Kim Thanh Van1,Pham Trang Nguyen Doan2,Do Brian3,Dao Diem Vu Bich2,Nguyen Dan Xuan4,Lee William2,Gish Robert2,Mize Gary2,Trang Amy2,Le Anh2,Phan Loc Thi Bich2,Ngo Thi-Thuy-Dung4,Phan Hai Thanh5,Nguyen Binh Tan6,Tang Hong Kim4,Dao Doan Y1

Affiliation:

1. Johns Hopkins University School of Medicine

2. Viet Nam Viral Hepatitis Alliance

3. University of California, San Diego

4. Pham Ngoc Thach University of Medicine

5. Medic Medical Center

6. Ho Chi Minh City Department of Health

Abstract

Abstract Background. Hepatitis B virus (HBV) vaccination in Vietnamese adults remains low and unequally distributed. We conducted a study on HBV-naïve adults living in Ho Chi Minh City, Viet Nam, to determine barriers associated with HBV vaccination uptake after removing the financial barrier by providing free coupons for HBV vaccination. Methods. After being screened for HBsAg, anti-HBs, and anti-HBc, 284 HBV-naïve study participants aged 18 and over (i.e., negative for HBsAg, anti-HBs, and anti-HBc total) were distributed with free 3-dose HBV vaccine coupons. Next, study participants’ receipt of 1st, 2nd, and 3rd doses of HBV vaccine was documented at a pre-specified study healthcare facility, where HBV vaccines were distributed at no cost to the participants. Upon study entry, participants answered questionnaires on sociodemographics, knowledge of HBV and HBV vaccination, and related social and behavioral factors. The proportions of three doses of HBV vaccine uptake and their confidence intervals were analyzed.
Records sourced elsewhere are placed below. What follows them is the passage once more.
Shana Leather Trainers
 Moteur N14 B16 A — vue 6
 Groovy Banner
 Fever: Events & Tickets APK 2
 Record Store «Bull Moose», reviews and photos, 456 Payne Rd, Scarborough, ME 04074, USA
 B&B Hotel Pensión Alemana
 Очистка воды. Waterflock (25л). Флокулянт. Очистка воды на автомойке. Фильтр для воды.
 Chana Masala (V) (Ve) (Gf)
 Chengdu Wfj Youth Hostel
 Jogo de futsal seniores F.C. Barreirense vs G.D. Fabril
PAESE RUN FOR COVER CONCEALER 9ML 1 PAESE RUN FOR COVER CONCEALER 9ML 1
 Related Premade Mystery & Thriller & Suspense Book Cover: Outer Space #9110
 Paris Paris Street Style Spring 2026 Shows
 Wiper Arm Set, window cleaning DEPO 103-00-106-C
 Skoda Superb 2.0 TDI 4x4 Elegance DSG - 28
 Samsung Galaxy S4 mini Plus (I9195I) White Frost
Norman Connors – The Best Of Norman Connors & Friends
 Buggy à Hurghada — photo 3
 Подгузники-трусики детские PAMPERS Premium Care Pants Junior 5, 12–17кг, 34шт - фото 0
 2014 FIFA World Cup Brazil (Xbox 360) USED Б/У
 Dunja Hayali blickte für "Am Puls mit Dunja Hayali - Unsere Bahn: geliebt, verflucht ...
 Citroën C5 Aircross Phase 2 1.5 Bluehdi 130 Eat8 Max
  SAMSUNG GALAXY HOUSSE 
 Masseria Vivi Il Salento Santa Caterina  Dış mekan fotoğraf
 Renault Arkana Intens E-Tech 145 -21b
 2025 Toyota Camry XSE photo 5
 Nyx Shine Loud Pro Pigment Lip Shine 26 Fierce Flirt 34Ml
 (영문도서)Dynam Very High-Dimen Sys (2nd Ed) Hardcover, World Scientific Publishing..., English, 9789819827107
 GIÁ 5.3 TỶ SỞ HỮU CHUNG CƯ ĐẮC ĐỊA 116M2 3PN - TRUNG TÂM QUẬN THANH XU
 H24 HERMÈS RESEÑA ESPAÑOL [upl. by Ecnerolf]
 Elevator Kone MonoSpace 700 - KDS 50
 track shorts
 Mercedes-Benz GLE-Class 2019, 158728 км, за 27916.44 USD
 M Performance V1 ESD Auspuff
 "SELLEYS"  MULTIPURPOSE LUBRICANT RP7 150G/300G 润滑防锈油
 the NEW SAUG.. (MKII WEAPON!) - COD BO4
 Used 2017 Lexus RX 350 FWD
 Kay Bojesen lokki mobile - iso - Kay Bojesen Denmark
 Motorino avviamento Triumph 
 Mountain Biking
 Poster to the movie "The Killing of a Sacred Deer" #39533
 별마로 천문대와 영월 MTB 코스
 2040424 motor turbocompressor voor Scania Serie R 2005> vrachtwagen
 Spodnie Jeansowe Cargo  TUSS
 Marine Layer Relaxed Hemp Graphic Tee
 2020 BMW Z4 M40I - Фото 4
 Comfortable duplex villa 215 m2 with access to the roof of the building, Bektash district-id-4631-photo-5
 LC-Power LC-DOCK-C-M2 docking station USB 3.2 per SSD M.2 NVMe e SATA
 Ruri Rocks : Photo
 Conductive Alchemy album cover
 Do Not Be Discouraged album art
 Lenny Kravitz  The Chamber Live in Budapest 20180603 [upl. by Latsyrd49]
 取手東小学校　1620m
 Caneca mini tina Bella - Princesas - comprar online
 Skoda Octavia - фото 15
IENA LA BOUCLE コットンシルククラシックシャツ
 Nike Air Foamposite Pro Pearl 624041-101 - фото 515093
Associations of HBV vaccine initiation with exposures at study entry were evaluated using modified Poisson regression. Results. 98.9% (281 of 284) of study participants had complete data and were included in the analysis. The proportion of obtaining the 1st, 2nd, and 3rd doses of HBV vaccine was 11.7% (95%CI 8.0-15.5%), 10.7% (95%CI 7.1-14.3%), and 8.9% (95%CI 5.6-12.2%), respectively. On the other hand, participants were more likely to initiate the 1st dose if they had adequate knowledge of transmission (adjusted relative risk [aRR] = 2.58, 95% Confidence Interval [95% CI] 1.12-5.92), adequate knowledge of severity (aRR = 6.75, 95%CI 3.38-13.48), and annual health-checking seeking behavior (aRR = 2.04, 95%CI 1.07-3.87). Conclusion. We documented a low HBV vaccination uptake despite incentivization. However, increased vaccine initiation was associated with better HBV knowledge and annual health check-up adherence. When considering expanding HBV vaccination to the general adult population, we should appreciate that HBV knowledge is an independent predictor of vaccine uptake.